Data and Tools‎ > ‎

Semantic Proximity

Overview

This tool aims to learn semantic proximity between nodes on the graph based on metagraphs.

Citation

Y. Fang, W. Lin, V. W. Zheng, M. Wu, K. C.-C. Chang and X. Li. Semantic Proximity Search on Graphs with Metagraph-based Learning. In ICDE 2016, pp. 277--288. [PDF] [BibTex]

Code Download

Module Requirement Comment Link
Operating System Windows The main program is in Java and thus portable, but one required executable (included) requires Windows. nil
Runtime MinGW Only the following DLLs are needed:
libgcc-4.5.2-1-mingw32-dll-1 libstdc++-4.5.2-1-mingw32-dll-6
Downloading newer versions may not work. Extract the two DLLs into the lib subdirectory or any directory in PATH environment.



Download
Runtime Java JRE 1.8. Download
Library Trove Trove 3.0.3, a high performance
collections library for Java.
Download
Main Program SemanticProx Sample data are also included in the download. Download

Usage

Step 1: Match metagraph instances
java -cp lib\* -Dconfig=<String> prep.MineGraph

-cp lib\*
Java classpath, including path to the main program and Trove library JAR files.

-DConfig=<String>
The configuration file, a plain text to store configuration properties -- see details below.

Step 2: Build feature index from matched metagraph instances
java -cp lib\* -Dconfig=<String> prep.BuildFeature

Step 3: Learn semantic proximity on training set, and evaluate on test set
java -cp lib\* -Dconfig=<String> -DClass=<String> -DSize=<Integer> exec.Learn

-DClass=<String>
One of the semantic classes to be learnt, as given in the groundtruth file -- see details below.

-DSize=<Integer>
Number of training examples to be used (must not exceed the total number of examples in the training splits -- see details below).

Configuration properties

A sample configuration file is included in the download, which consists of key-value pairs.

FILE_GRAPH=<String>
Path to the labeled graph file.

FILE_GROUNDTRUTH_DB=<String>
Path to the groundtruth file. Each line represents one query and its candidate nodes, in the following format delimited by tabs:
<Class> <Query> <Candidate>:<L> <Candidate>:<L> <Candidate>:<L> ...
where <Class> is the desired semantic class, <Query> is the query node ID, <Candidate> is the candidate node ID, and <L> is either 1 or 0 to indicate whether the preceding candidate node is a true answer for the query.

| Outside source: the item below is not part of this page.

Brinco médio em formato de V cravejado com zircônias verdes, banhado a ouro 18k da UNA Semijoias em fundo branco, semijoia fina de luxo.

FILE_METAGRAPH_QUERY=<String>
Path to the Metagraph Query file, which can be generated by the modified GRAMI. A pre-generated file is included for each dataset in the download.

FILE_METAGRAPH_DB=<String>
Path to the Metagraph Database file.

FILE_FEATURE_DB=<String>
Path to the feature index file. Will be generated by step 2 above automatically.

LIB_SUBMATCH=<String>
Path to the SubMatch program. Note that we are using an earlier version (included in the download) different from what we released here; using the latest released version will not work correctly with the main program.

DIR_OUT=<String>
Directory for result output.

DIR_SPLITS=<String>
Directory for training and testing data splits. 
The splits are stored in files with the name train_<Class>_<n> or test_<Class>_<n> for training and testing data respectively, where <Class> is the semantic class and <n> is the split number. Train and test queries in the same split do not have overlaps. 
In training data, each line is a triplet of q, x, y such that for query q, node x should be ranked before node y.
In testing data, each line is a list of tab delimited node IDs, where the first ID is the query, and subsequent IDs are candidate nodes.

DIR_METAGRAPH_INSTANCE=<String>
Directory for metagraph instances generated by step 1 above.

NUM_SPLITS=<Integer>
Total number of splits to use.

MAX_THREADS=<Integer>
Maximum number of threads available.

CORE_TYPE=<Integer>
Type of the core nodes, i.e., the type of nodes used as queries. In our datasets, it is 0 or the user nodes.

MAX_VERTICE=<Integer>
We only consider metagraphs up to this limit.

MAX_FREQ=<Integer>
We only consider metagraphs with number of instances up to this limit.

MU=<Integer>
A scaling parameter controlling the shape of the Sigmoid distribution in the likelihood function.

GD_STEP=10
Learning rate for gradient descent. 

GD_EPSILON=1E-5
Maximum relative different before gradient descent stops.

GD_TRY=5
Number of trials to perform gradient descent using different seeds.

Sample Data 

Sample data of two input graphs and their correponding metagraph queries are included, which are also used in our citation above. They are derived from SNAP's Facebook data and Forward's LinkedIn data.

Disclaimer

We provide any code and/or data on an as-is basis. Use at your own risk.